Mary Grant would fain have soothed her, but she seemed sufficient unto herself. Calmly she walked into the parlor and took her seat by the open window, where she could watch the road leading down the hill.

Soon she saw him coming-the young lover who could remain away from his betrothed no longer. Joyously he walked, with quick step and erect head. Hope was holding a cup to his lips beaded to the brim with bubbling drops of joy. She must dash it from them-she who loved him best, whom he best loved. She clasped her hands over her eyes, and prayed-a short, silent prayer which Heaven would answer. She heard his step upon the door-stone. He opened the little front door without knocking. He came to her He drew her close, close, as one who had a right to hold her on his heart forever, and she was silent: she could not break the spell.

At last she started from his arms-she stood before him with her white face and gleaming eyes.

"Walter!" she cried, eagerly, "you know I love you. You never can doubt that. I am very young; I have had no other fancies, no other dreams. You won all my heart. Hear me, Walter! I am yours-I will be yours till I die. Never shall any other man speak words of love to Elinor Trumbull. I give you all. I am yours-yours-yours-on earth and in heaven. But I can not be your wife. My grandfather has forbidden it. You yourself will counsel

me to obedience. It is harder for me than for you. You have the great world to flee to-your high calling to follow. I must stay here-here, where light, and hope, and love came to my life-where they will go out, and leave me alone in the darkness.
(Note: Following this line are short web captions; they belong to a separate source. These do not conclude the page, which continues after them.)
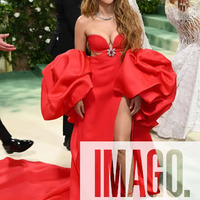 met_gala_tagged_2817929.jpg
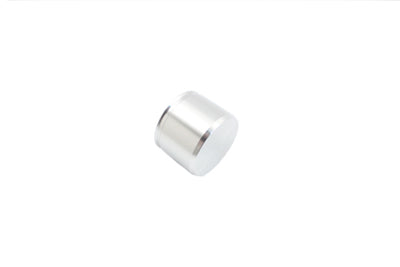 23-2280 - Front Brake Caliper Piston by Edart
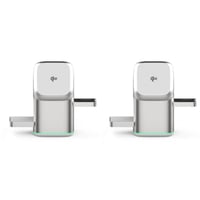 3-in-1 Wireless Fast Charging Charger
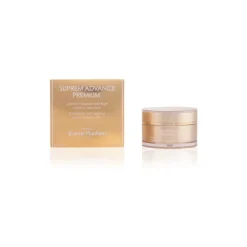 Jeanne Piaubert Oogverzorging|Suprem Advance Premium Yeux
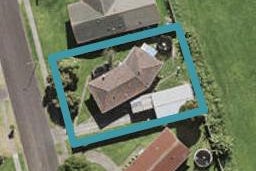8 Ashmore Place, Favona, Auckland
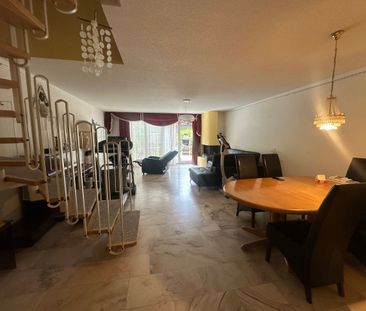 Familienfreundliche 4.5-Zimmer Reihenfamilienhaus in Gränichen - Foto 4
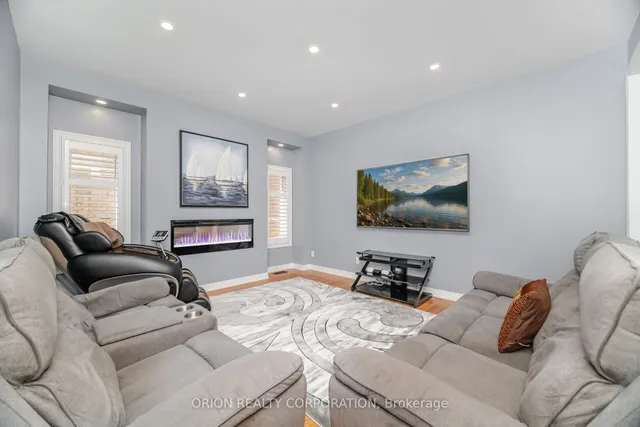 Additional image 6 of 802 Miltonbrook Cres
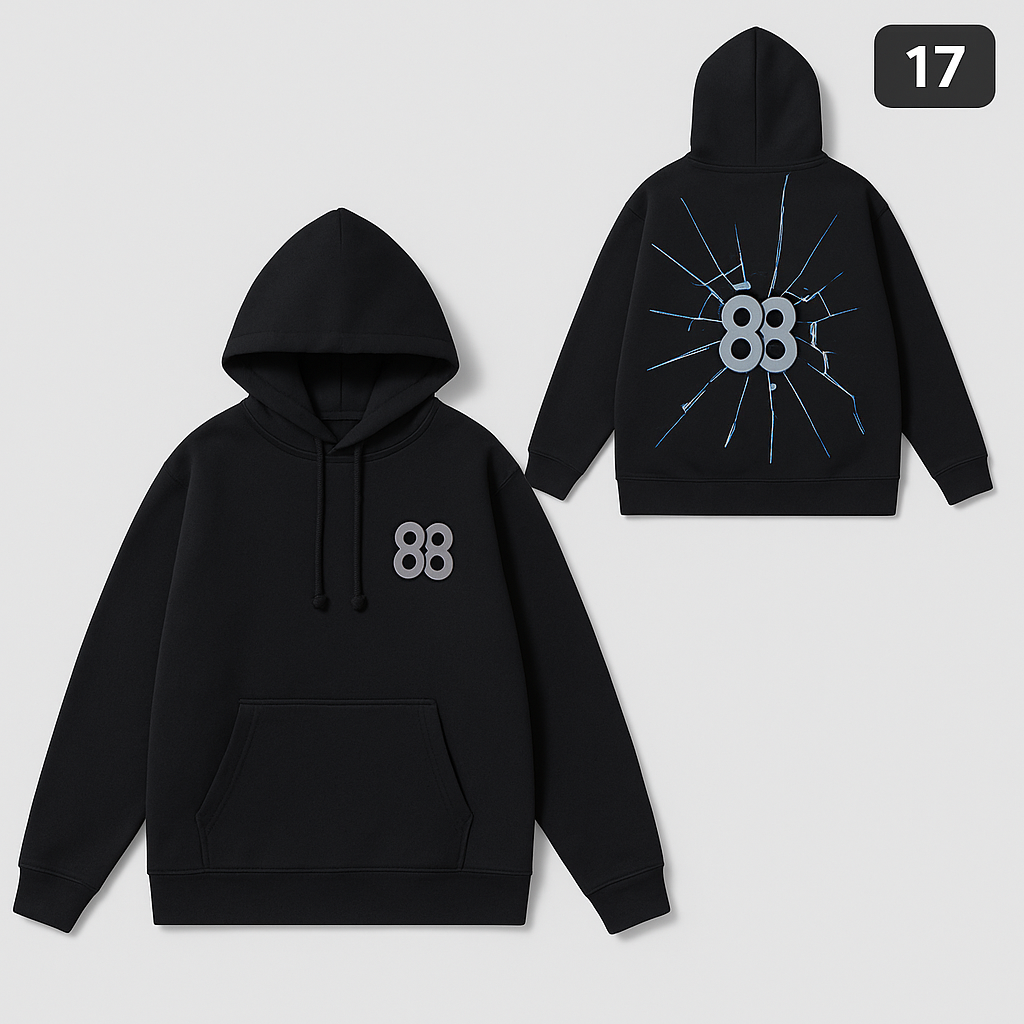 Stylish Streetwear Sweaters - All Collection X00139 - Image 24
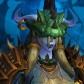 Shamlysielqt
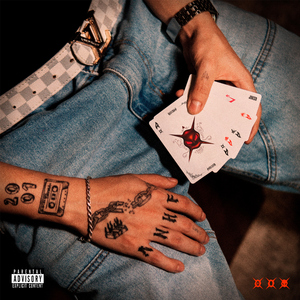 EMES (feat. Mylan Oficial & Simple)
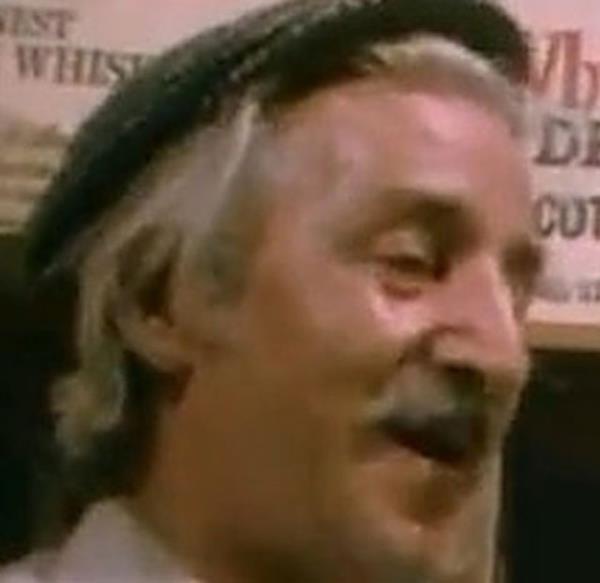 21. Yaar ener  Sahte Kabaday filminin bombacs.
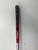 Used Taylormade AEROBURNER Womens Driver RH 10.5 Degree 11891-S000322792 View 3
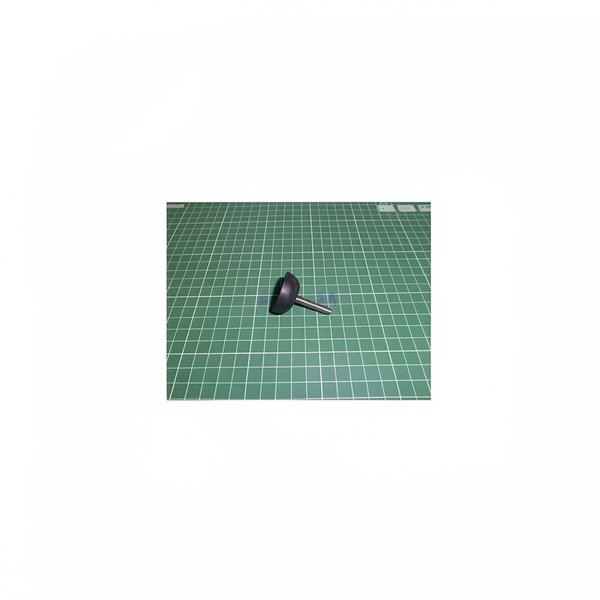 Pied de pompe M6x45 C,80 Swimflo HGS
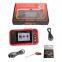 Launch Creader CRP123 Code Scanner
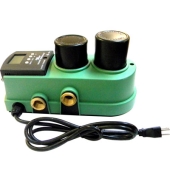 Taco Radiant Mixing Block - Image 3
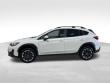 2023 Subaru Crosstrek Premium SUV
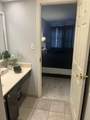 3100 Parkway Boulevard - Photo 13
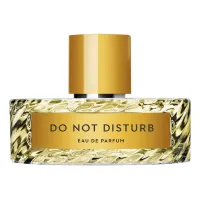 Vilhelm Parfumerie Do Not Disturb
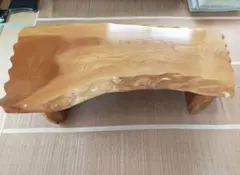 SUMO 公式アカウント03様専用 鄭鐘基作 最高級螺鈿座敷机 松鶴紋 座卓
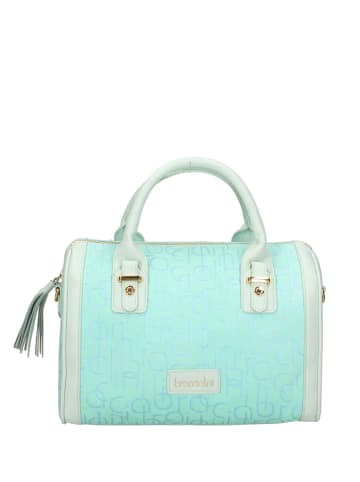 Braccialini Handtasche in HEAVENLY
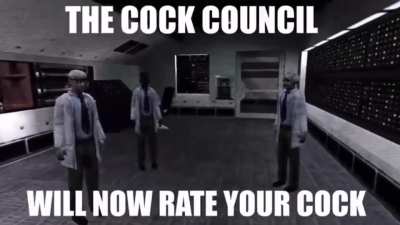 Too flaccid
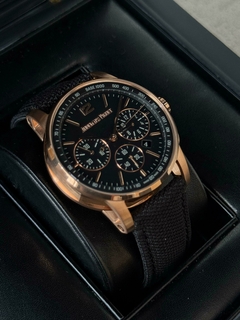 CODE 11.59 - LUXURY GIFT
God forgive me, Walter, but death were better."

She had spoken with wild energy. She sank back exhausted now in her chair. Walter Fairfield stood struck dumb for the moment with sheer wonder. At length he faltered,

"You can not mean it; you do not know what you are saying, Elinor. Your grandfather may object to our marrying while you are still so young, but he can not mean that you must never be my wife."

The door had been open all this time between the parlor and the kitchen, and now Moses Grant himself came forward. The anger had passed away from his face, leaving a look of pity blent with stern resolve. He said gravely,

"I like you, Mr. Fairfield. I had not thought any one else could so fill Parson Blake's place in my love as you have filled it. If I could, Heaven knows I would gladly give you this girl, but it can not be. In all truthfulness, you must not marry her-you must never marry her. I, her grandfather, forbid it before the God whose servant you are. You will not dare to disobey me. It will go hard with you both; but if you knew the reason, you would thank me. It is my fault. I should not have put you in each other's way; but I thought she was only a child.”
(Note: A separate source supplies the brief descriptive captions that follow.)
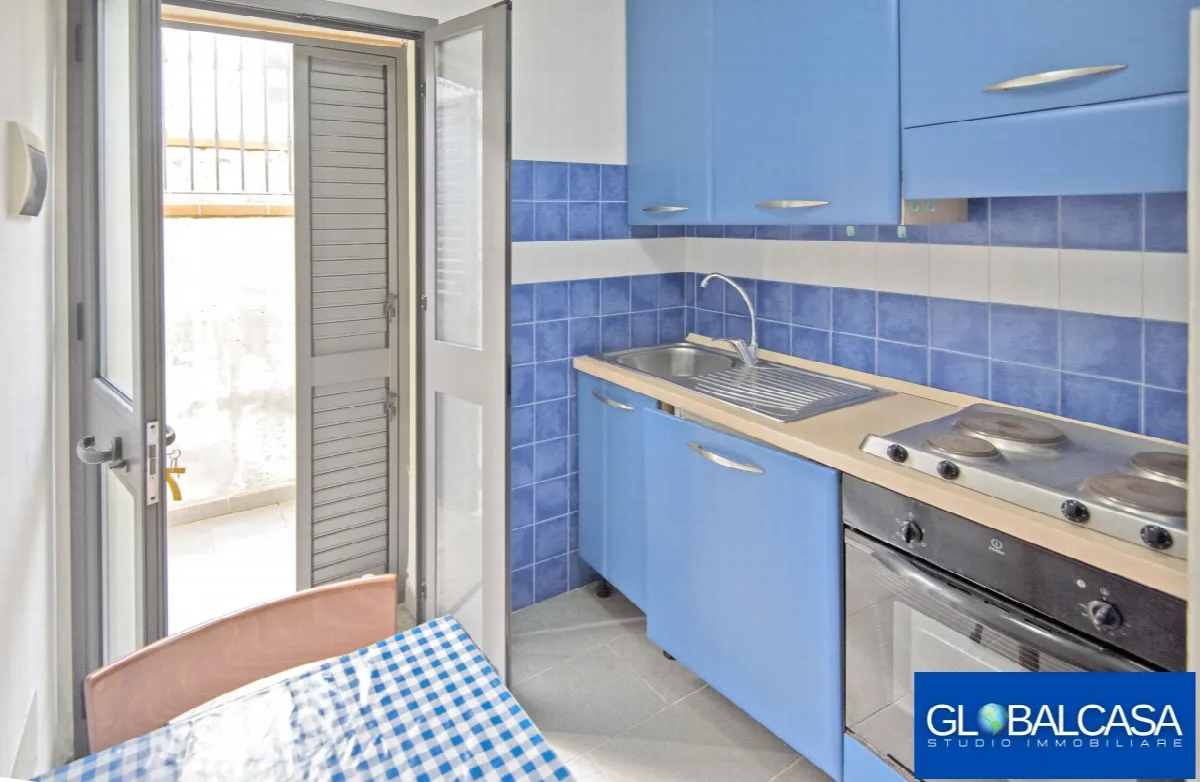 Residenziale Altro in vendita a Grosseto, Marina di Grosseto - foto 2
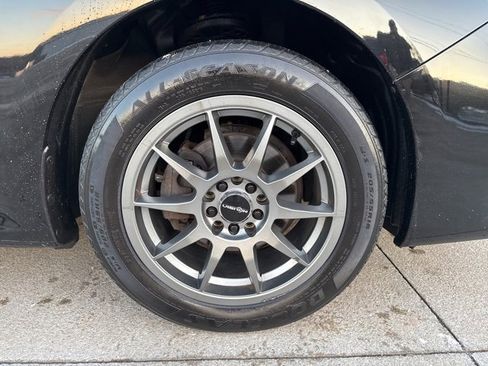 Used 2019 Subaru Impreza 2.0i w/ Eyesight image 49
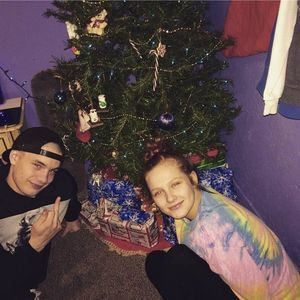 Meet your Posher, Tamara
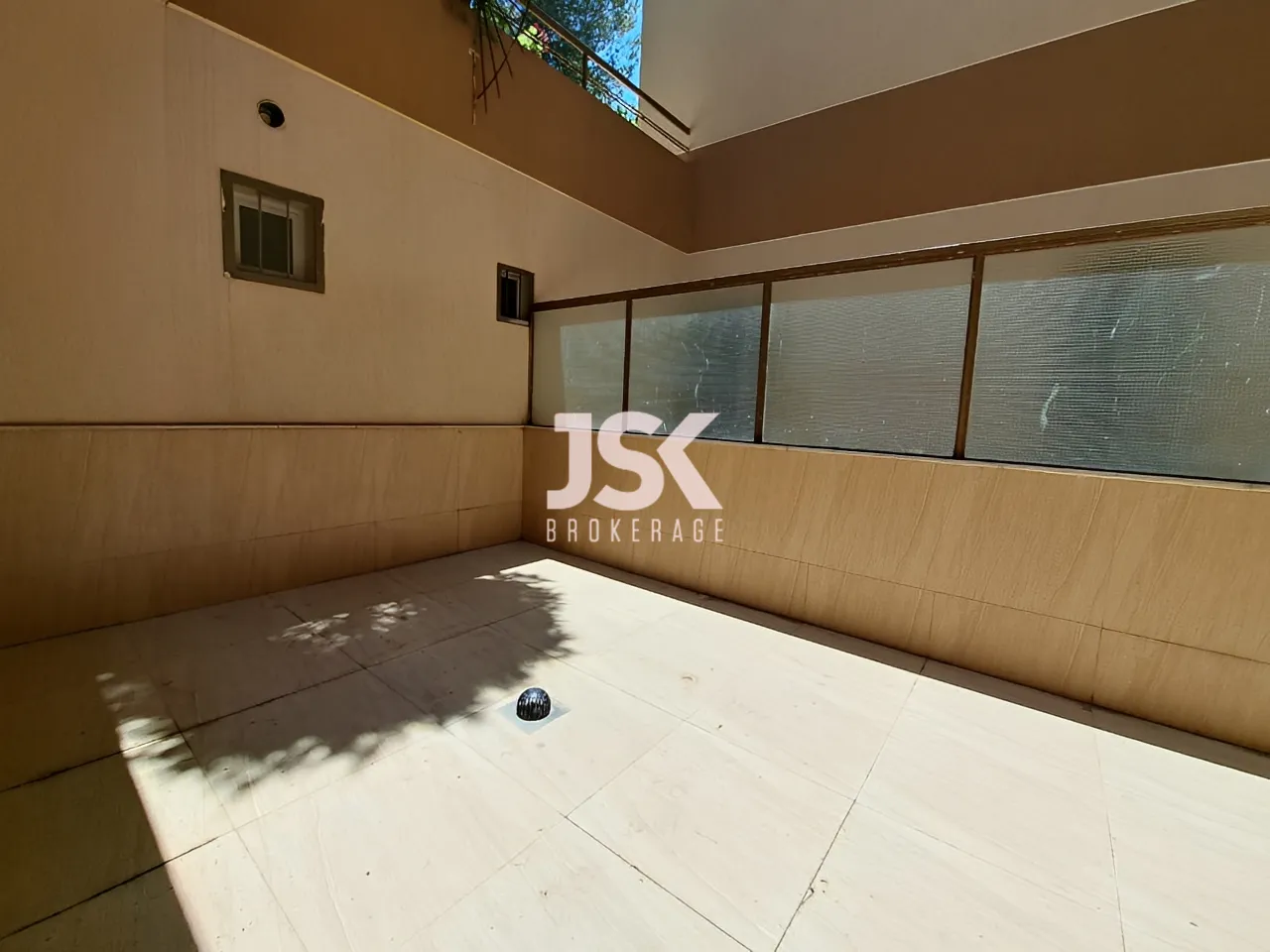Apartment for Sale in Bsalim
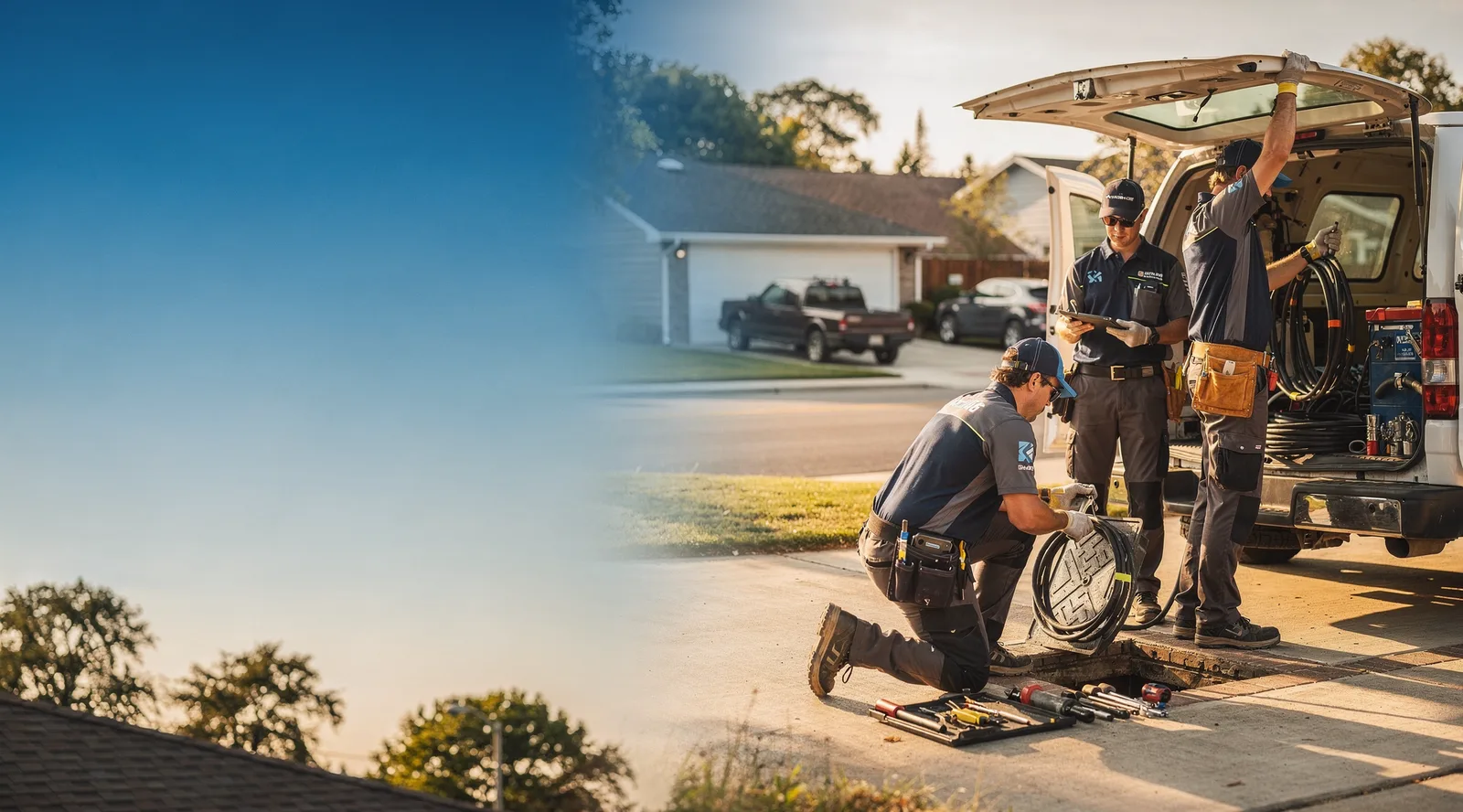 Water Softener Installation in Palo Alto, CA near me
"Elder Grant," the young man said, respectfully, "will you come out of doors with me? I would like to speak to you for a few moments quite alone."

The particulars of that interview were never known, but the result was decisive. In a little while the young man came alone into the room where Elinor still sat by the open window. He closed the door. He went up to her and took her, for the last time, in his arms.

"The hand of God is in it, Elinor, as it is in every earthly thing, though we can not see it now. We must submit. Thank God, my beloved, that after life comes death, and after death heaven. And yet, how can I give you up, my poor, innocent darling-my one love?" And his voice broke down into low, agonized sobs-a strong man's sobs, very pitiful to hear.

That last half hour of love, and torture, and despair -that parting which they both felt was eternal-I may not dwell on it. When Walter Fairfield passed out of the wicket gate and walked up the hill along the winding road, Elinor Trumbull watched him with eyes in which there were no tears, with a pale face on which shone a hope purer than earthly love, holier than earthly happiness-a hope born in tears, in anguish, in desolation-of a meeting where all that remains of sorrow is the wings by which it has borne the soul upward-in the city without foundation, eternal in the heavens.

They parted on Saturday, and the next day more than one strong heart in Mayfield was moved to tears as the young minister read his mysterious, unexplained resignation of the pastoral charge. He had become strangely dear to them, this young man, whose coming had seemed such a doubtful experiment. He was not their father in the Lord as Parson Blake had been, but they cherished him equally in another way. He

was their very own. He had come to them first. They were to him almost like a first love, the parish in whose service he had been first installed into the ministry. They had hoped he would live and die among them, and now they must give him up. There was scarcely a dry eye among the many which rested upon his face this last Sunday. Moses Grant sat, with sorrowful yet composed mien, in his accustomed seat, with his quiet old wife by his side, but Elinor's voice did not flood the church with its melody; Walter Fairfield preached his last sermon in Mayfield without the silent encouragement of her eyes.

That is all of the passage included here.